You want the lowest APR available but beware of promotional offers. Some cards entice you with low introductory rates for a year and increase those rates, sometimes drastically, later.
Your statement includes a minimum payment that you can make. Minimum payments look manageable compared with your balance most of the time, until you consider interest.
Any time you leave a portion of your card bill unpaid, interest accrues on that balance. If you continue charging with that card while paying the minimum you owe, you never catch up to paying your balance off.
REWARDS AND POINTS
When you buy with a rewards card, you acquire points to redeem for travel, cash back and other goods and discounts. Sounds like a nice deal.
Maybe. Many cards, especially those that offer rewards or points for money off future purchases, also come with annual fees.
You often pay this fee during your first billing cycle although some cards waive the fee for the first year and start charging it in the second. As always, read the fine print and don’t charge everything in pursuit of points.
Credit card companies can offer these bonuses because of cardholders who use credit irresponsibly, the companies profit off the interest rates charged to those who don’t (or can’t) pay off balances.

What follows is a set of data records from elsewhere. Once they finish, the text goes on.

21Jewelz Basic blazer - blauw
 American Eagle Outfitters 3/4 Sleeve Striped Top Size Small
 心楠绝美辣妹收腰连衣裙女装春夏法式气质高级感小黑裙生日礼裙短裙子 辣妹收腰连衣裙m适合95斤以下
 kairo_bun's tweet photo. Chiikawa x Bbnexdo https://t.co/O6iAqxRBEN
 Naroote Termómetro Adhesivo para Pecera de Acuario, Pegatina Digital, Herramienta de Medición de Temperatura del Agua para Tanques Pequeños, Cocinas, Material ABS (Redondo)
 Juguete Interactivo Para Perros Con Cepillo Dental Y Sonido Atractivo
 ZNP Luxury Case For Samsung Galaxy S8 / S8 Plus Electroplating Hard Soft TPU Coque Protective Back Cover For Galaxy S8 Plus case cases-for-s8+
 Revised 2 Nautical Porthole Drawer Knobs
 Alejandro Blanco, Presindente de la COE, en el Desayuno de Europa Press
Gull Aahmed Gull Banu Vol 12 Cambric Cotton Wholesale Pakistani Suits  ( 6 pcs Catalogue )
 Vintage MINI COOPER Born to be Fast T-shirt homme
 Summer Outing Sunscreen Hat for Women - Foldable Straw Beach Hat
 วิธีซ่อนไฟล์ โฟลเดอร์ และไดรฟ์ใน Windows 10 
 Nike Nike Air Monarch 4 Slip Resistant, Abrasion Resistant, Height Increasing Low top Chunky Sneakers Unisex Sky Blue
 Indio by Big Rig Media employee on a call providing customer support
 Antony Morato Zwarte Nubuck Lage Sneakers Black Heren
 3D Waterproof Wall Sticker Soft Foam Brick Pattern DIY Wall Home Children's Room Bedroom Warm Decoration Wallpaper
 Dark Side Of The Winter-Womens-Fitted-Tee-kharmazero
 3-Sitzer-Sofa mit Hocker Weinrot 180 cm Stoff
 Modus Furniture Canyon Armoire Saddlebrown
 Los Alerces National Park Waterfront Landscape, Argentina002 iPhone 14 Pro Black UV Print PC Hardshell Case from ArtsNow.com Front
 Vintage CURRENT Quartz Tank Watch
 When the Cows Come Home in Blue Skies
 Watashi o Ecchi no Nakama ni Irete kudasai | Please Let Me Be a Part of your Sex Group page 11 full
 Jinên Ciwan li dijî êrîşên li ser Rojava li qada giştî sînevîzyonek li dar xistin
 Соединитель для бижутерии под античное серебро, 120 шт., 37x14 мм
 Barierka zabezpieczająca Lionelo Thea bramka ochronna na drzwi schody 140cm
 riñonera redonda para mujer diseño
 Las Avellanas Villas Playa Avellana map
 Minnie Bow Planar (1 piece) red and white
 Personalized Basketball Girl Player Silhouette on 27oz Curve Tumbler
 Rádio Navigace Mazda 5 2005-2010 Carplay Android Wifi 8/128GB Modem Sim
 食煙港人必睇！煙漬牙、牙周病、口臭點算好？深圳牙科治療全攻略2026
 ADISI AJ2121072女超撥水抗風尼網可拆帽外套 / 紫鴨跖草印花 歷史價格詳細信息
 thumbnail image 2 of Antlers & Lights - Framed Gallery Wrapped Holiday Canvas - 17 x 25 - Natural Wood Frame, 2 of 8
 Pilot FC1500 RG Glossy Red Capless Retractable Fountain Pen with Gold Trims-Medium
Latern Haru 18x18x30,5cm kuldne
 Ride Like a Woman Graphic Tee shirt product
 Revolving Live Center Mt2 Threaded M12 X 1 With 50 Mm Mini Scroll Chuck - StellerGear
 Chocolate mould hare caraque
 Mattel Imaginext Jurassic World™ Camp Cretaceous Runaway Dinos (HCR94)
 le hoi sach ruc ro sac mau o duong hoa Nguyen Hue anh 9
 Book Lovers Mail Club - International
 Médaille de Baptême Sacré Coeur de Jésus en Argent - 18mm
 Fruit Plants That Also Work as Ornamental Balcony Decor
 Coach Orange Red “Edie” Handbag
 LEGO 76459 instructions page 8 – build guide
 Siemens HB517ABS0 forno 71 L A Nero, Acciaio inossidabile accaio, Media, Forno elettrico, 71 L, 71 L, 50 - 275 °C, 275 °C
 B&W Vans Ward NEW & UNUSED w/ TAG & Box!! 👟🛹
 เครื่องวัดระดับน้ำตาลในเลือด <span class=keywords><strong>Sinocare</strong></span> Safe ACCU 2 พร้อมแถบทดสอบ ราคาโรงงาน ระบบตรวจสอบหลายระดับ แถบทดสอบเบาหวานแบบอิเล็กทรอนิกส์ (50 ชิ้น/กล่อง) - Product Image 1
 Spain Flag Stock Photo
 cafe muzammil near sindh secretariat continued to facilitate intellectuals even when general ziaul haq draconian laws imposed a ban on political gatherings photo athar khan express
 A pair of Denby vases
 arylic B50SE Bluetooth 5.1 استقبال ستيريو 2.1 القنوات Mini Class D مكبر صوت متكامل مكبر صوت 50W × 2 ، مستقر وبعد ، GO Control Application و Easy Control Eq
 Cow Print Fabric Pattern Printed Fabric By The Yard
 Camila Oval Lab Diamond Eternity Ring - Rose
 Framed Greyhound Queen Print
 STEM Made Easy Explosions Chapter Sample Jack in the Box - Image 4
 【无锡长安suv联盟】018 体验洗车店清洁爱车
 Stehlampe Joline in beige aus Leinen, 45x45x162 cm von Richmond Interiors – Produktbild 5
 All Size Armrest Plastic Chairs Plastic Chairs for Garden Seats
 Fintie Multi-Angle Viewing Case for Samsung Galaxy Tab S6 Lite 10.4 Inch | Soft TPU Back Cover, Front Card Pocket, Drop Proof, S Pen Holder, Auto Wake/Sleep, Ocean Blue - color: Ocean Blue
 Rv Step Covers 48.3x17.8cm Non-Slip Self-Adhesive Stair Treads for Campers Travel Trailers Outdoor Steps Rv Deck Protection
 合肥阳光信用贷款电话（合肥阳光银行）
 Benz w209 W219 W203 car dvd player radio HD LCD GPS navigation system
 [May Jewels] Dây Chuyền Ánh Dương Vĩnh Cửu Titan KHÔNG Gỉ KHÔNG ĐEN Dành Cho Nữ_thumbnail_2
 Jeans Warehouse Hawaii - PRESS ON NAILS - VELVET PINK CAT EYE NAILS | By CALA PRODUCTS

Rewards and points only benefit you if you limit yourself to charging expenses you already planned for. The moment you start charging more to grab more points is the moment that rewards cards threaten your financial situation.
THE BIG UPSIDE
Credit cards come with safety features other methods of payment lack. When you charge on your credit card, the amount doesn’t immediately deduct from your checking account and you’re out no cash until you pay that card bill. This can help guard against fraud, theft and mistakes on your statement.
If you pay for an item with cash, you may or may not get that money back. You can always dispute a charge on your credit card.
If you pay with a debit card, remember that such a transaction is similar to cash and that the money leaves your account as soon as that transaction posts. Again, if you’re a victim of fraud or want to dispute the charge, you may or may not get that money back.
USE CREDIT CARDS?
Despite advantages to credit cards, many people are staunchly against using credit when we might all stick with debit cards or cash. And with reason: Out-of-control spending with credit cards can speed you into financial disaster. If you struggle to develop good money habits, you might be smart to stick to cash or debit until you can better manage money.
If you educate yourself about how this plastic works, take steps to use it responsibly and keep a budget to track all spending, you can find a credit card to be a useful financial tool.
ABOUT THE WRITER
Mary Beth Storjohann is the founder of investment advisory Workable Wealth in San Diego.